**Records to use:**
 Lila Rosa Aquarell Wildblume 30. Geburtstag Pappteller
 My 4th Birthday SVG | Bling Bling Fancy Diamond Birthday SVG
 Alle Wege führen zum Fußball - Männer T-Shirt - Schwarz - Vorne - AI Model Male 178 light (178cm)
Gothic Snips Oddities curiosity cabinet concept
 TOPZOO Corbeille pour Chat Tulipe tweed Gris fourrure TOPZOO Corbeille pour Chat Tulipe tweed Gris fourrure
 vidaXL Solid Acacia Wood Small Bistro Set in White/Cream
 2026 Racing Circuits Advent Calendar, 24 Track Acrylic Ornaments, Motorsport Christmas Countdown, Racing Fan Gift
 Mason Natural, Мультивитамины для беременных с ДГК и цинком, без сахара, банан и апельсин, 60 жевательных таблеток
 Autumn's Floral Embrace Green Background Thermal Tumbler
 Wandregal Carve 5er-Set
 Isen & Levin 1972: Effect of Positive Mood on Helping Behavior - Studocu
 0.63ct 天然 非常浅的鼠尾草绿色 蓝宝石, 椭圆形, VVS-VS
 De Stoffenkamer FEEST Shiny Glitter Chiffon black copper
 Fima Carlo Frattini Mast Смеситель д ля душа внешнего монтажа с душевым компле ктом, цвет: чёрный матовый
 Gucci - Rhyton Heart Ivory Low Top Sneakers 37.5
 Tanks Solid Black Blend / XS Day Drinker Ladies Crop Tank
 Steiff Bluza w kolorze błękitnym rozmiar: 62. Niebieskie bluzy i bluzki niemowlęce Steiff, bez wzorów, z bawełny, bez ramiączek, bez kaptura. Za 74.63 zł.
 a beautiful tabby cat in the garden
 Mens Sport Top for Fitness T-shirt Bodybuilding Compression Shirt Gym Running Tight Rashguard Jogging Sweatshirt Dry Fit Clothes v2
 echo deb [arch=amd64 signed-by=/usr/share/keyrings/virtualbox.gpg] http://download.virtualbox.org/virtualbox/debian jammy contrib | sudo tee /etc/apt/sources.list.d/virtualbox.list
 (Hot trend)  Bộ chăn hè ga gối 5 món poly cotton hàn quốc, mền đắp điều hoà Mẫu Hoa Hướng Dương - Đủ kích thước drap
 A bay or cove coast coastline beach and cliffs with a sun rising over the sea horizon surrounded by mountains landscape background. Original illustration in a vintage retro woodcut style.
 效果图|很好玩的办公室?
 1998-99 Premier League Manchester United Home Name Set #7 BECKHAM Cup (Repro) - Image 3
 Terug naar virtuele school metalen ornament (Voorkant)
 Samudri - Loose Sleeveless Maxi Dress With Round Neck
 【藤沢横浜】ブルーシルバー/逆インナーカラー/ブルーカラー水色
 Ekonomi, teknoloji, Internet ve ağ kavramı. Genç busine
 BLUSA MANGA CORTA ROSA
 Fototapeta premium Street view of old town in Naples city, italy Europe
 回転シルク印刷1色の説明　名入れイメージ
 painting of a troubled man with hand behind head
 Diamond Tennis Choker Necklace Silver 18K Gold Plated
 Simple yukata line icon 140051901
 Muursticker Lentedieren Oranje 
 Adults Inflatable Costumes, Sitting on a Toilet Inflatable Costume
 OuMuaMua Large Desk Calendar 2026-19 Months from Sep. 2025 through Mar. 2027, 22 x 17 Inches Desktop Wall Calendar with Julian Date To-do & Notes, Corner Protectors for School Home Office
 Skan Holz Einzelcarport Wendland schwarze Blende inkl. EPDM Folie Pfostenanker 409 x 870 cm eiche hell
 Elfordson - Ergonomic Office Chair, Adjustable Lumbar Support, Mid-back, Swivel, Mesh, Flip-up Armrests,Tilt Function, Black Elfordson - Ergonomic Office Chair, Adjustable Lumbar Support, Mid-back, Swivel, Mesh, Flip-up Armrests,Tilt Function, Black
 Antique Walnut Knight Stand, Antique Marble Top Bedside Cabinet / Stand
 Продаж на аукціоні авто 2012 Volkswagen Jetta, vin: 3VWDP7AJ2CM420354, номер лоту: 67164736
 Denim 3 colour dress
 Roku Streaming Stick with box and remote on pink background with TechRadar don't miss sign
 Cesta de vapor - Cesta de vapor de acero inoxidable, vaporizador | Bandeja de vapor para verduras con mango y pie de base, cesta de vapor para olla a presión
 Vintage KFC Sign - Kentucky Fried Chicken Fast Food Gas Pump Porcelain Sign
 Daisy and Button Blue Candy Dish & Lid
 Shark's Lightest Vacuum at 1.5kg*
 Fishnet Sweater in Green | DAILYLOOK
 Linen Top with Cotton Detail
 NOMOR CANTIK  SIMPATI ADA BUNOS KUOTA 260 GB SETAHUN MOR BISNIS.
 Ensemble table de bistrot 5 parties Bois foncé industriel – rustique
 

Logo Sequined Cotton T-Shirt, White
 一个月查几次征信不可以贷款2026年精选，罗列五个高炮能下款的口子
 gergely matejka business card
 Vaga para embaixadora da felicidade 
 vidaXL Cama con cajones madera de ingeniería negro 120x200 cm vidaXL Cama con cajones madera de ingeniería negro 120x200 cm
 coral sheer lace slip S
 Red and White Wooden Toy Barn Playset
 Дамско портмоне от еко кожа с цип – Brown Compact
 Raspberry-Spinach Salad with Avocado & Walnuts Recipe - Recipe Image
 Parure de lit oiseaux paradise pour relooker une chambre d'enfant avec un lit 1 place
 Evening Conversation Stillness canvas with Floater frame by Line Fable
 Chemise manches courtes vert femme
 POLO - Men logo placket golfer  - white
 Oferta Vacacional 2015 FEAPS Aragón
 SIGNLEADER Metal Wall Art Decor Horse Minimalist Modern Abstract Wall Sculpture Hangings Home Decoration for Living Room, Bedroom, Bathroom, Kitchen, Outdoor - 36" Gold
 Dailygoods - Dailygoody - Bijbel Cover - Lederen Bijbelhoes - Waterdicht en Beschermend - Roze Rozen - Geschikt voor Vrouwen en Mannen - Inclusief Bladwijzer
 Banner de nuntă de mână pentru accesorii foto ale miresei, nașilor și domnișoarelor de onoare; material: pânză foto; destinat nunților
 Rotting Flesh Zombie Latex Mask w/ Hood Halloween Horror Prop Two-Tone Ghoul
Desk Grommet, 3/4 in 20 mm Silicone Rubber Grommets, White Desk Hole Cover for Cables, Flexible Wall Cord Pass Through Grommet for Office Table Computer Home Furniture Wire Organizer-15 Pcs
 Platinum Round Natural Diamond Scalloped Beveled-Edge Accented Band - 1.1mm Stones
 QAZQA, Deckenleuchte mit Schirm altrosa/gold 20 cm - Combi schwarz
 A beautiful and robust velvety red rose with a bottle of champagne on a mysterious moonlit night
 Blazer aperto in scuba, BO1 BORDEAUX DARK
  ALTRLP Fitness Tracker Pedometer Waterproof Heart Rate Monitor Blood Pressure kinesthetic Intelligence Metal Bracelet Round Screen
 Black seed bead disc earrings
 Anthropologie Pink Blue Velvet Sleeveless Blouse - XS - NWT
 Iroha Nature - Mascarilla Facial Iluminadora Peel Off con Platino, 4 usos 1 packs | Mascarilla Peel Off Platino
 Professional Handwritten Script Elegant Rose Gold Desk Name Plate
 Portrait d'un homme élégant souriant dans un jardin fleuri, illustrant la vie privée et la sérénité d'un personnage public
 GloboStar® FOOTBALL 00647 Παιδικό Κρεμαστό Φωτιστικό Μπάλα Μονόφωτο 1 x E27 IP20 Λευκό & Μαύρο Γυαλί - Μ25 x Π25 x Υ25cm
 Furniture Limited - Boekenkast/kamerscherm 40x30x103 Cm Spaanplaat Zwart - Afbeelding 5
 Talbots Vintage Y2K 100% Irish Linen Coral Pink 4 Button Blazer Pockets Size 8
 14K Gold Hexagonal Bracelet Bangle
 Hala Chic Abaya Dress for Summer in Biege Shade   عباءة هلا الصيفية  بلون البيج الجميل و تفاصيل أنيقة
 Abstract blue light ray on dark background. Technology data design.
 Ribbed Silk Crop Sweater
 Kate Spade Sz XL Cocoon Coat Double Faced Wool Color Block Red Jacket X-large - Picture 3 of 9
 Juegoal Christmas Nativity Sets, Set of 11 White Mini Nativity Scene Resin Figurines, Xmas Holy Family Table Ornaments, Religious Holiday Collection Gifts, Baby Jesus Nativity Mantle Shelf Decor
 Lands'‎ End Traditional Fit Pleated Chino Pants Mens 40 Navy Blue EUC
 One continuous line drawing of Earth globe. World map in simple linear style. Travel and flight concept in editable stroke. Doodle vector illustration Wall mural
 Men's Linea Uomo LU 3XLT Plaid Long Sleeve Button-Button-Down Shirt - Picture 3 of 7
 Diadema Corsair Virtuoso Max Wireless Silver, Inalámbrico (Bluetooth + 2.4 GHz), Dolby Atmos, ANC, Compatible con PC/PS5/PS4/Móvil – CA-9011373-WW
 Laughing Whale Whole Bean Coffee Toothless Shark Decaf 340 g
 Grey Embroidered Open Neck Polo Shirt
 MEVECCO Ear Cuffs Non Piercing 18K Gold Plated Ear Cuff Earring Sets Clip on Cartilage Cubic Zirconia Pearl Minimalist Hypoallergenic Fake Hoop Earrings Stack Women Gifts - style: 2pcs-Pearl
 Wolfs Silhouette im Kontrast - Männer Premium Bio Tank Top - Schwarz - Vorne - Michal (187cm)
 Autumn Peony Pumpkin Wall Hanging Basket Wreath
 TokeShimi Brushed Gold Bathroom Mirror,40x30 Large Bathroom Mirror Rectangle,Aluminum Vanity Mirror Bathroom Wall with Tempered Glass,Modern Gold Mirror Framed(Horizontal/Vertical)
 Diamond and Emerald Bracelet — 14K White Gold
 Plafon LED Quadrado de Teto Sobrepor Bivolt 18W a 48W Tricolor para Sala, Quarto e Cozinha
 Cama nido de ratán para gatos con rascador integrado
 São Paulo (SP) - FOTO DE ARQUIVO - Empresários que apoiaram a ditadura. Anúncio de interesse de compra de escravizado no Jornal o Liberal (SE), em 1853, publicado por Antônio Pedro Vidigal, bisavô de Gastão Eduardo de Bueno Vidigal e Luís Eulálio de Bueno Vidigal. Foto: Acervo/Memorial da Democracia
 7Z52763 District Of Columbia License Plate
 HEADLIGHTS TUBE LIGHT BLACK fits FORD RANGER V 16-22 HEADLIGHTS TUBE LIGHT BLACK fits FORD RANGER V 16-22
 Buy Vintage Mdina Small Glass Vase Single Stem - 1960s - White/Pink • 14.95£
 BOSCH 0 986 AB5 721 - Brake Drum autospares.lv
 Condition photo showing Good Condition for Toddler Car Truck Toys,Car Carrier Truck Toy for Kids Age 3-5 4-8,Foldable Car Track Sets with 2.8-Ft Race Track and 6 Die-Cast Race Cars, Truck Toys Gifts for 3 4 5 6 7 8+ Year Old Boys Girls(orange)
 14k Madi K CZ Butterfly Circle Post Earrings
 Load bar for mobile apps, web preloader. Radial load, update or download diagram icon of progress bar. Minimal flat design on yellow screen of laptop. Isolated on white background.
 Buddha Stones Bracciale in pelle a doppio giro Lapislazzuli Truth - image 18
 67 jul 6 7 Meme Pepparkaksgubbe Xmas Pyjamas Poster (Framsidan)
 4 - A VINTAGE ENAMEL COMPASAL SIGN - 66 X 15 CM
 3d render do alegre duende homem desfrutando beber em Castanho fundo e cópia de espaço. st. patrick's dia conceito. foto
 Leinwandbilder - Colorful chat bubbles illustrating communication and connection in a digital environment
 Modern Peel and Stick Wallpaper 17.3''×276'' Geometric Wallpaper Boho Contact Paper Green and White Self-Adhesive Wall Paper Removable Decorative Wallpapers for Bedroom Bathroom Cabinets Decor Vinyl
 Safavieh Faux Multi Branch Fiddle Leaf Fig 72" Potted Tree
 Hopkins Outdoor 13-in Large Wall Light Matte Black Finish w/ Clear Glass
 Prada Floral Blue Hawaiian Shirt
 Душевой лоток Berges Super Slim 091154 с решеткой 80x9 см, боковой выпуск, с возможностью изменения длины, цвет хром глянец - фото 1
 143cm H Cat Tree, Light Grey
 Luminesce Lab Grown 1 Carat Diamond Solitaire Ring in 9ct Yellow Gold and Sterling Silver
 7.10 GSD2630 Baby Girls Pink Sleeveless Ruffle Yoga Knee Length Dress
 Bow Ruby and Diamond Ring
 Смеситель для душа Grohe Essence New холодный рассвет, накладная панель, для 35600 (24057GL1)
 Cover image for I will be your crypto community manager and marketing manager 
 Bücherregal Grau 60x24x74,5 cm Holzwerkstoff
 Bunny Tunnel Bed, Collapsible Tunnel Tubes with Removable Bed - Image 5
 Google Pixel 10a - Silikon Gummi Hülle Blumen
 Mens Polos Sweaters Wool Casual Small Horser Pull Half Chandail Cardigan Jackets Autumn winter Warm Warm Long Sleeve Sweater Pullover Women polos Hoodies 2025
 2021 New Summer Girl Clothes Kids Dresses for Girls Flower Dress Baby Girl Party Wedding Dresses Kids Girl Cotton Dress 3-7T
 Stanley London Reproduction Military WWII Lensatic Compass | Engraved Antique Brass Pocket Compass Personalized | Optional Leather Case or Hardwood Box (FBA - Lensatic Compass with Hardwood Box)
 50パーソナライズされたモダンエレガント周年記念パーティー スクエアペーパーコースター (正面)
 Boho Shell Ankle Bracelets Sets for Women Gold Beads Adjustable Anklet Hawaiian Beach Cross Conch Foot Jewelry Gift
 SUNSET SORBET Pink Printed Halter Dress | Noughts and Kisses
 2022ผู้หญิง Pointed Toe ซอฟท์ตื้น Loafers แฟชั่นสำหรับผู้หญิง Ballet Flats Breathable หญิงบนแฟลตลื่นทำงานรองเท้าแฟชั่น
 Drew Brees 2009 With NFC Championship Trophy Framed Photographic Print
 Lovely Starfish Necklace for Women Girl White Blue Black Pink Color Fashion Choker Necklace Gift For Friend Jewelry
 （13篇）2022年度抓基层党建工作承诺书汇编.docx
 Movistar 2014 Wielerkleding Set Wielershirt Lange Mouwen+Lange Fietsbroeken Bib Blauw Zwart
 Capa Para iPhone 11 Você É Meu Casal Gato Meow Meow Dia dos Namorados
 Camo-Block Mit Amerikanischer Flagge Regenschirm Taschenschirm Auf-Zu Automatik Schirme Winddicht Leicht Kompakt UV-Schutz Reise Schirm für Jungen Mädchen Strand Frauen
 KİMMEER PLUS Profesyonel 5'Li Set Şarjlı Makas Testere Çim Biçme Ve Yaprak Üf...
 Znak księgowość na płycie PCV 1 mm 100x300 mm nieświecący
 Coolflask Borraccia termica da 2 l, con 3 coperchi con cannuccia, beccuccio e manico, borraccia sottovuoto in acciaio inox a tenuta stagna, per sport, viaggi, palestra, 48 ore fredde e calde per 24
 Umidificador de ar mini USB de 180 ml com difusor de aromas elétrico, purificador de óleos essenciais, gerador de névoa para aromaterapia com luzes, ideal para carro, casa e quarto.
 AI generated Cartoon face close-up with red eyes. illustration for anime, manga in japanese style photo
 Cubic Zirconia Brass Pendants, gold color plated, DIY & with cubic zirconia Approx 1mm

**Problem to work on:**
Tell how many lines in the data above hold "Framed". Nothing but the number.

**Exercise answer:**
2